When using either VeraCrypt or BitLocker full system disk encryption for my Windows 10 Pro install, I see the behavior seen in this GIF image. When doing the initial "system check" where I reboot to see if full disk encryption works, I find that I cannot reliably type my password.
A single key press at the boot authentication screen results in multiple characters being added to the password field. The input is distorted. This is not simply a view/display/feedback choice to disguise the password. It's as if the keyboard is too sensitive/fast and multiple keys are input to the box.
With VeraCrypt, if I hit Esc, the screen shows a progress bar then freezes and I have to reboot. The screen locks up at different points in the progress bar when that happens. It's not consistent. 1/50 or so times I'm able to hit Esc and successfully bypass the test boot screen and get back to Windows.

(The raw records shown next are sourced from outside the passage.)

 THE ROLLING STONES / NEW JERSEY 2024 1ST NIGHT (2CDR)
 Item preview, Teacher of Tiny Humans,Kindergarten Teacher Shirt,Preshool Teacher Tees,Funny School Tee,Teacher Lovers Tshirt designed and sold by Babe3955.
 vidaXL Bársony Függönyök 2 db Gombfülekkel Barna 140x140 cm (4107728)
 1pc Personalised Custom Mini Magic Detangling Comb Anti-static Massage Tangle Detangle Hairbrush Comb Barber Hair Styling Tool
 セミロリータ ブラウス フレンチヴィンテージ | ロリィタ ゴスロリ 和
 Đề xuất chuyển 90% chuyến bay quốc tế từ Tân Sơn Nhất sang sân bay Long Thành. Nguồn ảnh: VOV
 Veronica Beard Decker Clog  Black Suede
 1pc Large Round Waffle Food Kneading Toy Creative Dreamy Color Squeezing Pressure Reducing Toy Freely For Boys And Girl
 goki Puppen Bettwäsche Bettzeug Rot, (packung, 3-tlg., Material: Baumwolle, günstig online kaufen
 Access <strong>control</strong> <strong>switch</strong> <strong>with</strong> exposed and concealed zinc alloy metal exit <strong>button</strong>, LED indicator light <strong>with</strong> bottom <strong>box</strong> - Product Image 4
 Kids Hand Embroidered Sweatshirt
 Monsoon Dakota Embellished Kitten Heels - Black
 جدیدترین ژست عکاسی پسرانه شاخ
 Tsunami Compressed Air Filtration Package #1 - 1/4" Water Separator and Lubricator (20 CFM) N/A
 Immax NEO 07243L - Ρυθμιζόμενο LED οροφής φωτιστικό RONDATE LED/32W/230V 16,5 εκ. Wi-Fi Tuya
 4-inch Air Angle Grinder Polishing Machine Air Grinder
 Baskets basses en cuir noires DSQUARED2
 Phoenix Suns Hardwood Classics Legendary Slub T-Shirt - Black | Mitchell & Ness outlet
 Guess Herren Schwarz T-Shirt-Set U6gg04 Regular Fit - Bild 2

For BitLocker, Esc reliably gets me back to Windows any time I use it.
This issue behaves very similarly for both VeraCrypt and BitLocker, but it is slightly different for BitLocker. In the past, BitLocker behaved almost identically to VeraCrypt, but when I test today I see that BitLocker immediately freezes after I hit any key that is not Esc.
I've tried...
- Different USB ports
- Different keyboards
- PS/2 to USB keyboard adapters
- Using an Arduino device which typed out the password to emulate a keyboard
- Tweaking various BIOS/UEFI settings
- Clearing TPM keys and updating chipset drivers
BitLocker actually did work for me in the past after some troubleshooting. The password prompt was fine then. However, one day after a Windows update ran, this issue cropped up again. I had to try and try until I could get to the recovery tools and manually decrypt the disk. I tested again today with the hope things were magically fine, but no. The preboot authentication process is too finicky for me to trust at this point.
I'm on an Asus AB350 Pro4 with an AMD Ryzen 7 3700X.
It seems I'm not the only person with this issue. Someone even has an identical CPU, and a potential fix of their own with UEFI settings, but it sounds like their "fix" seems not to have fully resolved things.